PASADENA, Calif. -- A NASA rover got its closest-ever look at bedrock on the surface of Mars on Tuesday, and scientists were eager to determine whether the layering could have been formed in water.
The Opportunity rover spied the fine-scaled layering just days after it landed in a small crater on the far side of the planet from its twin, Spirit. On Tuesday, NASA unveiled a high-resolution photograph of the horizontally striped and fractured slabs of bedrock.
"Look at the wonderful layer cake-structure in there," said Steve Squyres, the mission's main scientist, as he narrated a slow pan of the black-and-white image. "It's going to be fascinating beyond words to get up close and personal with this thing."
The find is a significant one: Each roughly half-inch thick layer represents an event in the geologic history of the planet that Opportunity should be able to reconstruct with its cameras and scientific instruments.

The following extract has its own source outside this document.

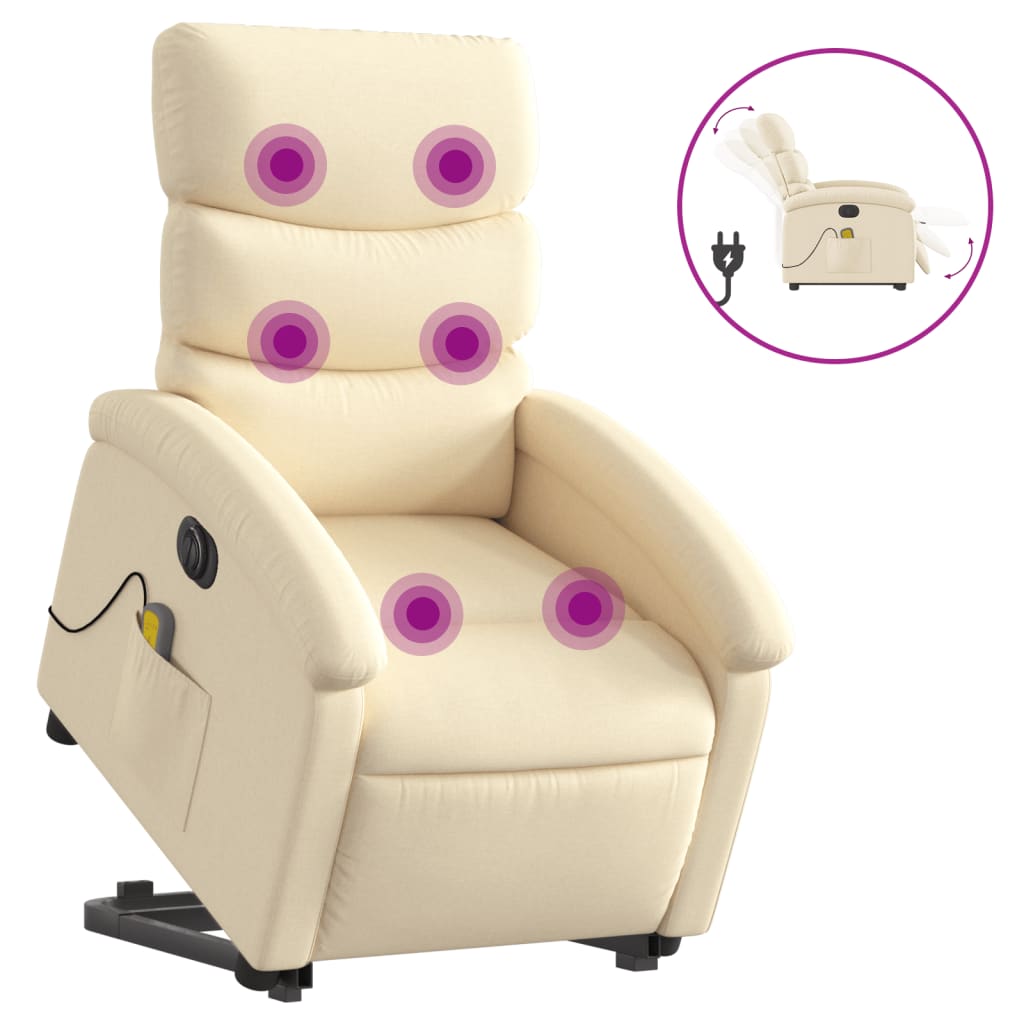 Sta-op-massagestoel elektrisch verstelbaar stof crèmekleurig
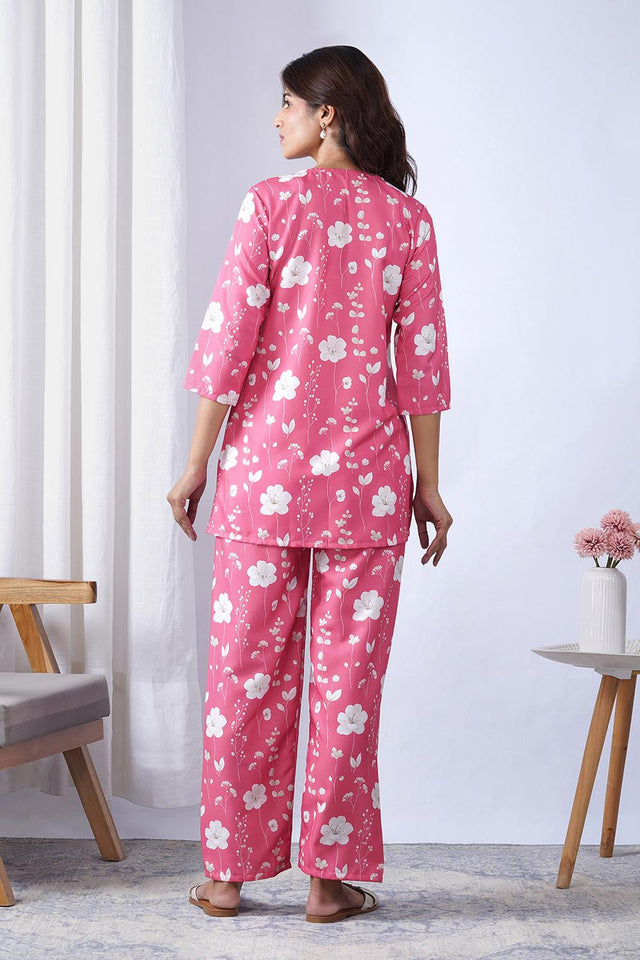 Pink Floral Printed Rayon Co-Ord Set (ACA9074)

The Opportunity rover was in good shape after its weekend landing but had developed a small, 15-watt power loss that worried NASA. Engineers believe a heater in the robotic arm has been turning on unnecessarily. Engineers continued to monitor the situation, unsure if it could harm the rover.
The Spirit rover, 6,600 miles around the planet, continued to recover from last week's computer problems. Engineers received additional data they hope will help them understand the problem.
Opportunity should roll off its lander sometime in the next two weeks. This week it is scheduled to put to use its mini-thermal emissions spectrometer, an instrument that measures infrared radiation, to reveal what minerals the rocks contain.